The American Medical Association. The American Cancer Society. The American Heart Association. Campaign for Tobacco-Free Kids. The American Lung Association, for crying out loud. All are publicly against electronic cigarettes.
Theoretically, there are on the same team as electronic cigarette manufacturers. Since they all have the same goal of eradicating the use of tobacco cigarettes, one might assume that these groups would enthusiastically applaud the exploding popularity of e-cigs and white fox snus.
Health organizations could have acknowledged the significant role e-cigs play in helping people stop smoking. They could have helped fund research on electronic cigarettes or helped shape the e-cig oversight policy.
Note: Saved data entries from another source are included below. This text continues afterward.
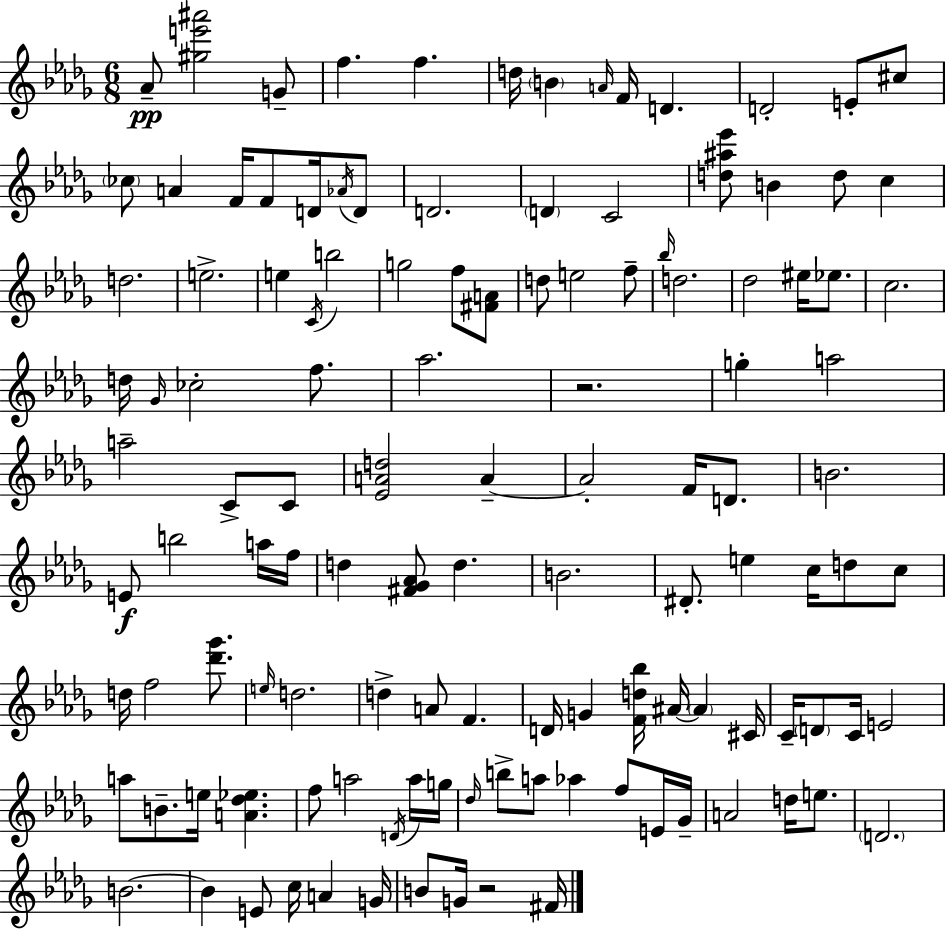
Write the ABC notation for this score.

X:1
T:Untitled
M:6/8
L:1/4
K:Bbm
_A/2 [^ge'^a']2 G/2 f f d/4 B A/4 F/4 D D2 E/2 ^c/2 _c/2 A F/4 F/2 D/4 _A/4 D/2 D2 D C2 [d^a_e']/2 B d/2 c d2 e2 e C/4 b2 g2 f/2 [^FA]/2 d/2 e2 f/2 _b/4 d2 _d2 ^e/4 _e/2 c2 d/4 _G/4 _c2 f/2 _a2 z2 g a2 a2 C/2 C/2 [_EAd]2 A A2 F/4 D/2 B2 E/2 b2 a/4 f/4 d [^F_G_A]/2 d B2 ^D/2 e c/4 d/2 c/2 d/4 f2 [_d'_g']/2 e/4 d2 d A/2 F D/4 G [Fd_b]/4 ^A/4 ^A ^C/4 C/4 D/2 C/4 E2 a/2 B/2 e/4 [A_d_e] f/2 a2 D/4 a/4 g/4 _d/4 b/2 a/2 _a f/2 E/4 _G/4 A2 d/4 e/2 D2 B2 B E/2 c/4 A G/4 B/2 G/4 z2 ^F/4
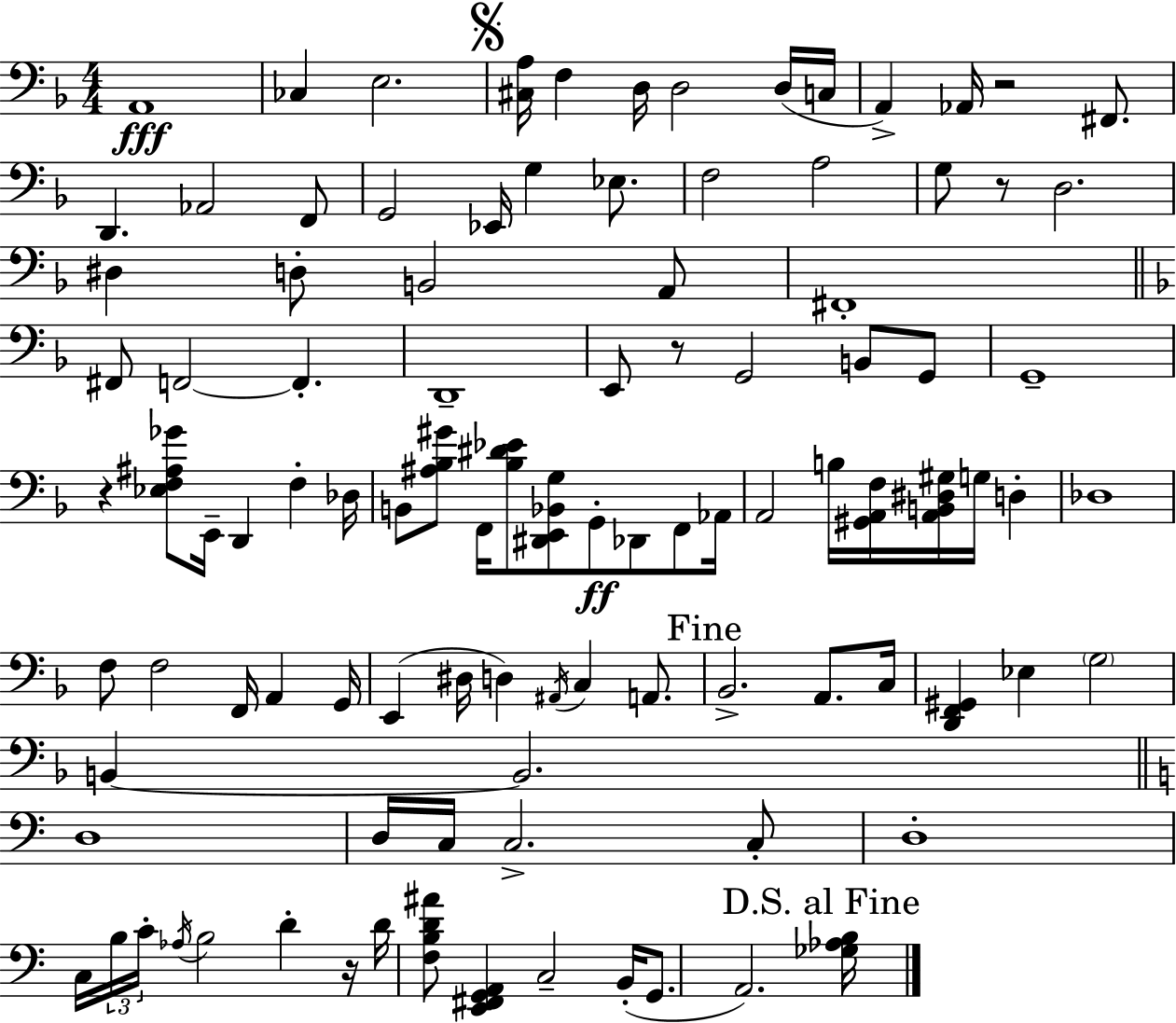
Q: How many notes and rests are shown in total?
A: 102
Alas, no. Not only are they unsupportive of e-cig manufacturers, but they’re also downright hostile to them.
These organizations, who are tasked with improving our quality of life, have a litany of accusations against electronic cigarettes. They complain of a lack of data on e-cigs’ cessation effectiveness and alleged deception on the part of e-cig companies.
These guys practically raced each other to be first in line to denounce electronic cigarettes, generating a flurry of dead tree documents like policy statements, petitions, fact sheets, and press releases in the process.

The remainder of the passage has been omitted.